Data below:

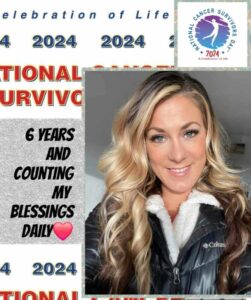 Portrait of a smiling woman celebrating six years as a cancer survivor, featuring text about National Cancer Survivors Day 2024.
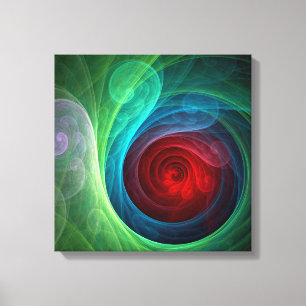 Red Storm Floral Modern Abstract Art Color Pattern Canvas Print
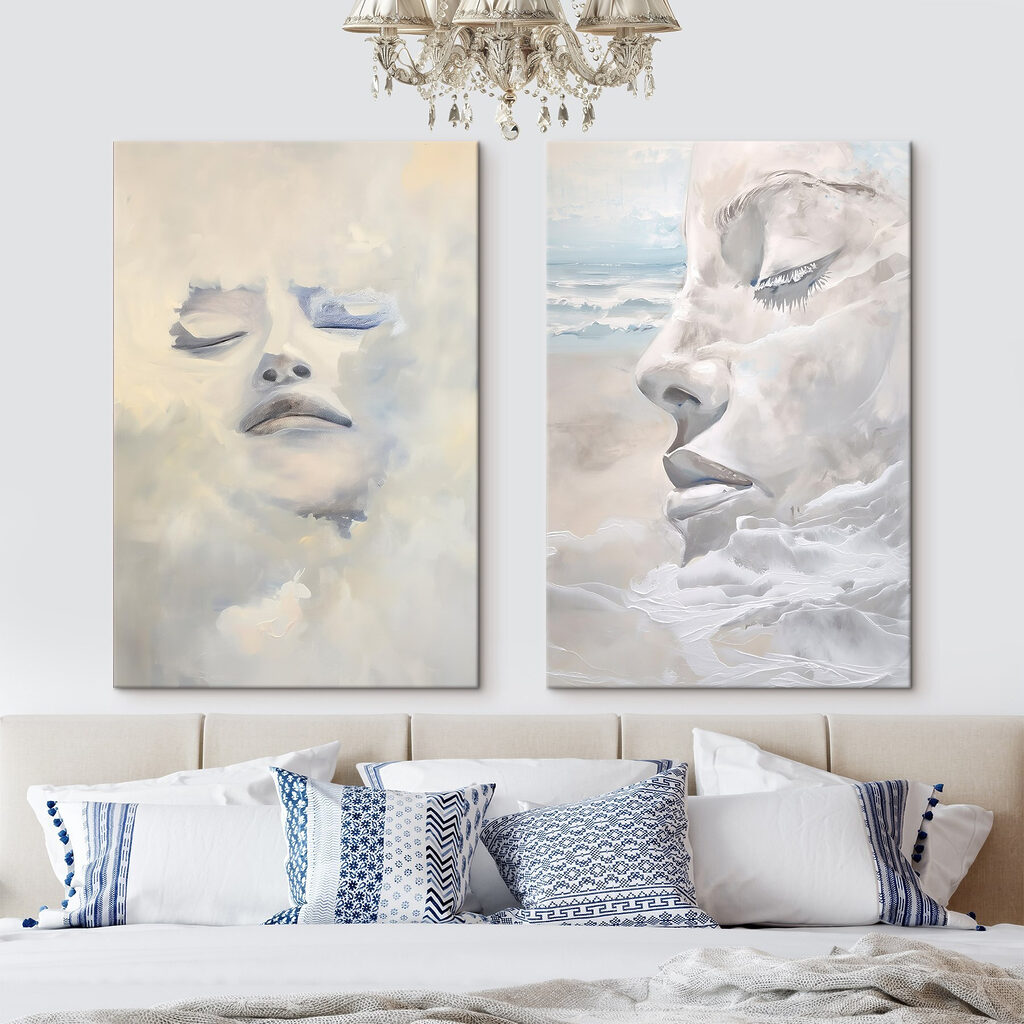 Schilderij van het gezicht van een vrouw — interieur 1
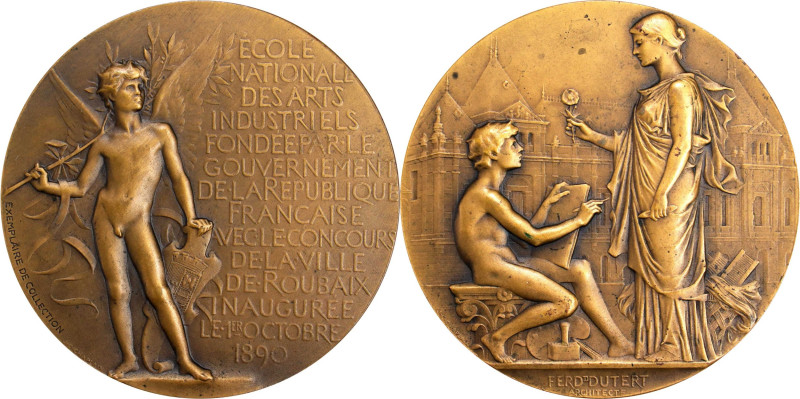 FRANCE. National College of Applied Arts Bronze Medal, 1890. Paris Mint. UNCIRCU...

End of Data.

Instructions for the task> Wherever a picture appears in the listing above, drop it, and restate the rest exactly.

Your response>
 Portrait of a smiling woman celebrating six years as a cancer survivor, featuring text about National Cancer Survivors Day 2024.
 Red Storm Floral Modern Abstract Art Color Pattern Canvas Print
 Schilderij van het gezicht van een vrouw — interieur 1
 FRANCE. National College of Applied Arts Bronze Medal, 1890. Paris Mint. UNCIRCU...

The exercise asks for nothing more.